Bad Astronomer Phil Plait offers up a very high-resolution image of the Big Dipper by astrophotographer Rogelio Bernal Andreo. (Best to see it enlarged.) “Andreo’s photo shows remarkable detail. Of course there are thousands of stars, but I was able to see dozens of galaxies as well. A few of them are quite famous, like the huge and beautiful M101, the Pinwheel Galaxy.”
Category: Science
Rdng is Fndmtl.
Whoa…I’ve read about kung-fu. An intriguing new app aims to turn everyone into speed readers. “Spritz is about to go public with Samsung’s new line of wearable technology.”
Fools and Their Money.
Making the rounds today: Cornell professor Emin Gün Sirer gives his take on Bitcoin and what happened with Mt. Gox, the world’s largest Bitcoin exchange, where over $400 million recently disappeared. “Human history is full of people who were entrusted with valuables, who then absconded with them…Chances are that this is a simple case of theft, involving at least one insider.”

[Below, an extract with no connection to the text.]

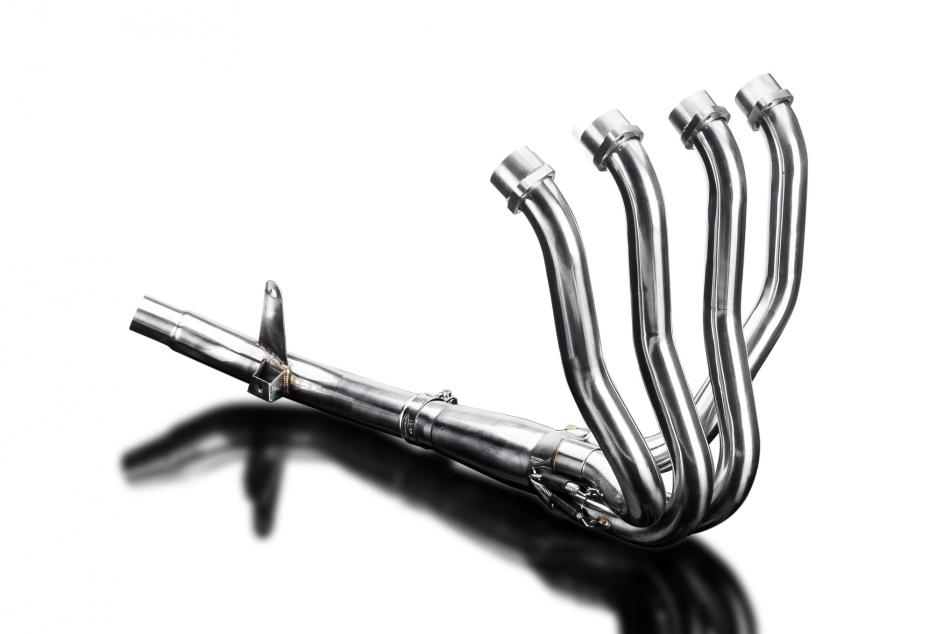 SUZUKI GSX-S1000F 2015-2020 Echappement Collecteur DECAT 4-1 Inox COMPATIBLE-OEM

Also note the conclusion: “If one must pick a cryptocurrency, the lowly dogecoin, of all things, is doing everything right. It’s based on economic principles that provide the right incentives for a healthy economy. The community does not take itself seriously. Most importantly, no one pretends that Doge is an investment vehicle, a slayer of Wall Street, or the next Segway. No one would be stupid enough to store their life savings in Dogecoins. And people freely share the shiba goodness by tipping others with Doge. So, young people who are excited about cryptocurrencies and want to get involved: Dogecoin is where the action is at. Much community. So wow.”
All These Worlds Except…
NASA sets aside some money for a robotic mission to Europa. “No details have been decided yet, but NASA chief financial officer Elizabeth Robinson said Tuesday that it would be launched in the mid-2020s.”
Forget the Ground Floor.
Also in space news, National Geographic makes the case for a “partial” space elevator, whereby ground launches would go into low-earth orbit to drop off their payloads. (See also this New Statesman article from August 2012.) “A space elevator untethered to Earth, with both of its ends hanging in space, might cut the costs of space travel to high orbit by 40 percent, researchers report.”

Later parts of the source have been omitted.